Robert A. Varra, for respondent.
SUMMARY OPINION
GALE, Judge: This case was heard pursuant to the provisions of section 7463 of the Internal Revenue Code in effect when the petition was filed. Pursuant to section 7463(b), the decision to be entered is not reviewable by any other court, and this opinion shall not be treated as precedent for any other case.
Unless otherwise indicated all section references are to the Internal Revenue Code of 1986 as in effect for the year at issue and all Rule references are to the Tax Court Rules of Practice and Procedure. All dollar amounts are rounded to the nearest dollar.
Respondent determined a $3,250 deficiency in petitioner's 2007 Federal income tax. The issues for decision are whether petitioner is entitled to a dependency exemption deduction, a child tax credit, and a dependent care credit for his son for the 2007 taxable year.
Background
Some of the facts have been stipulated and are so found. The stipulation of facts, supplemental stipulation of facts, and accompanying exhibits are incorporated herein by this reference.
Petitioner's son, H.B., was born in 2004. Petitioner and H.B.'s mother, Dane Gallardo, never married and were living separately throughout 2007. Permanent orders issued by the District Court, Adams County, Colorado (State court), following a hearing held on May 7, 2007, adjudicated petitioner the natural father of H.B., granted him 38 hours of regular parenting time per week and additional parenting time on specified holidays, and ordered him to pay monthly child support to Ms. Gallardo. Petitioner and Ms. Gallardo had split the custody of H.B. evenly before May 2007 and strictly abided by the custody provisions of the permanent orders thereafter. Thus, Ms. Gallardo had custody of H.B. for the greater portion of 2007.
Pursuant to Rule 27(a)(3) we refer to minor children by their initials.
The permanent orders required petitioner and Ms. Gallardo to alternate claiming the "tax dependency exemption" for H.B. They granted petitioner the right to claim the exemption for 2007 and succeeding odd-numbered years and Ms. Gallardo the right to claim the exemption for 2008 and succeeding even-numbered years. Petitioner was not entitled to claim H.B. as a dependent for a given year unless he had paid all court-ordered child support for that year. The permanent orders were signed by Ms.

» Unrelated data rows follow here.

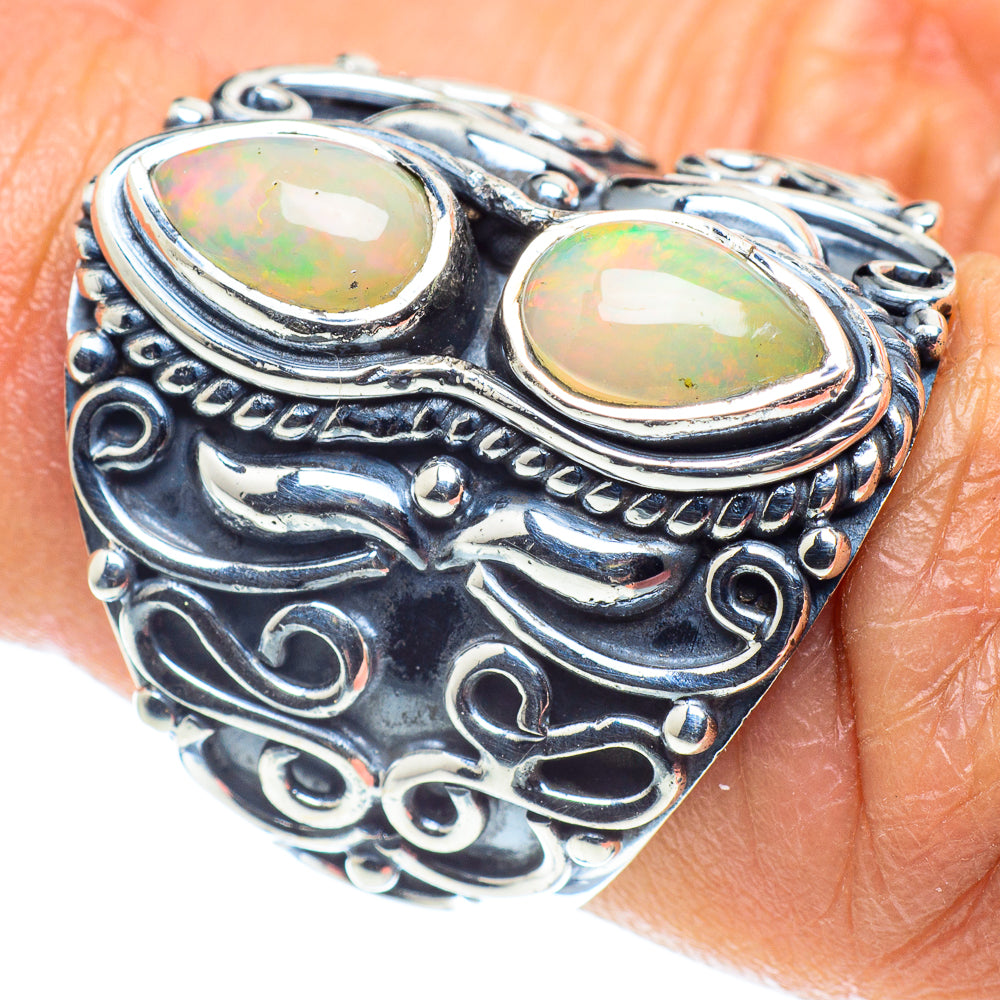 Sterling silver opal ring with two oval opal cabochons and ornate cutout band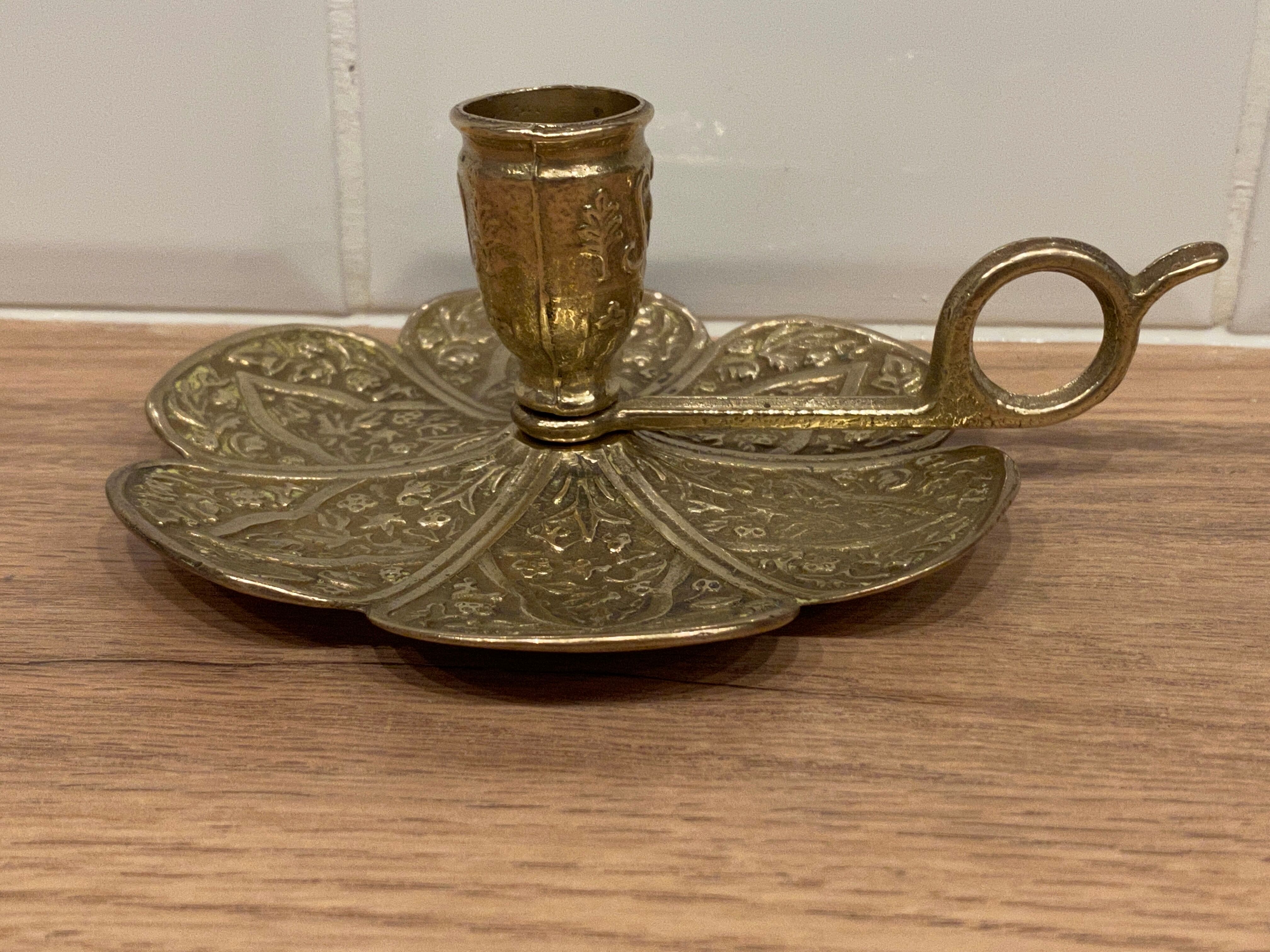 Brass candle holder on frame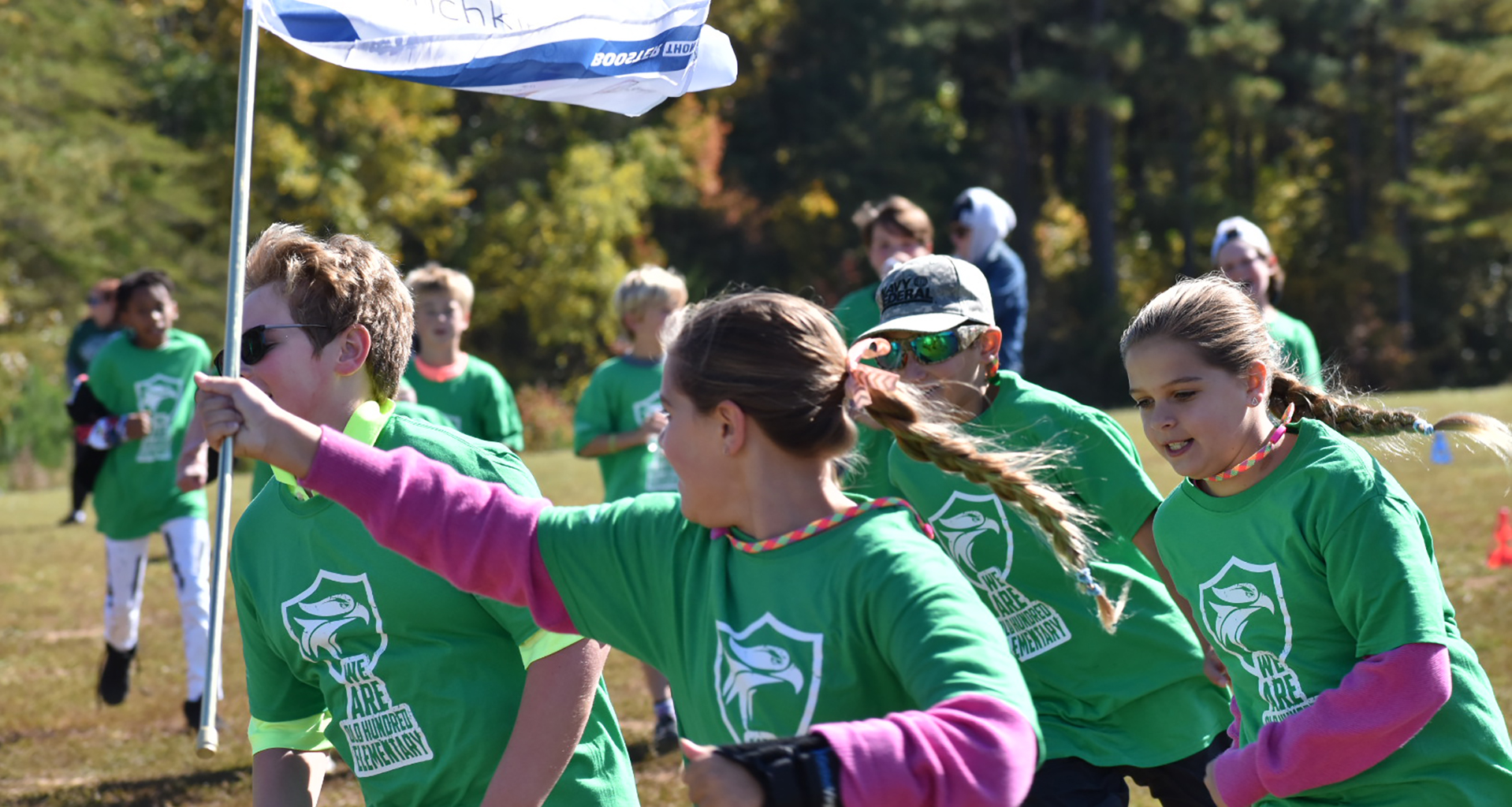 Students running with a flag all dressed in school spiritwear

Gallardo's attorney indicating they were "approved as to form" but not by Ms. Gallardo personally.
Petitioner timely filed his Federal income tax return for 2007. Therein, he claimed with respect to H.B. a dependency exemption deduction of $3,400; a $1,000 child tax credit; and a $2,400 dependent care credit. Petitioner did not submit a Form 8332, Release of Claim to Exemption for Child of Divorced or Separated Parents, with his return, nor did he ask Ms. Gallardo to execute such a form before filing his return.
As discussed infra, Form 8332 is the document by which a parent entitled to a dependency exemption by virtue, inter alia, of having custody of a child for the greater portion of a calendar year (the "custodial parent") can release his or her claim to a dependency exemption to the other parent (the "noncustodial parent"). See sec. 152(e)(2), (4); sec. 1.152-4(e)(1), Income Tax Regs.
On December 28, 2009, respondent timely issued to petitioner a notice of deficiency wherein he disallowed the dependency exemption deduction, child tax credit, and dependent care credit claimed by petitioner for 2007 with respect to H.B. and determined a $3,250 deficiency.
We note that the amount of the credits disallowed on the face of the notice of deficiency ($3,400) exceeds the determined deficiency ($3,250). A Form 4549, Income Tax Examination Changes, accompanying the notice of deficiency credits petitioner with reporting $1,602 of total tax due on his return; however, the copy of petitioner's return stipulated by the parties reports total tax due of $942. A Schedule of Adjustments attached to the notice of deficiency indicates that the $660 discrepancy likely resulted from respondent's treating petitioner as having claimed a dependent care credit of $1,740 rather than the $2,400 shown on the return.
In early 2011 petitioner asked Ms. Gallardo to execute a Form 8332 for 2007. By letter to petitioner dated February 1, 2011, Ms. Gallardo's attorney took the position that Ms. Gallardo was not obligated to execute a Form 8332 for 2007 because petitioner had not paid all the child support required by the permanent orders. In an effort to compel Ms. Gallardo to execute the form petitioner sought a remedial contempt order from the State court that would direct Ms. Gallardo to execute a Form 8332 for 2007 with respect to the dependency exemption claim for H.B.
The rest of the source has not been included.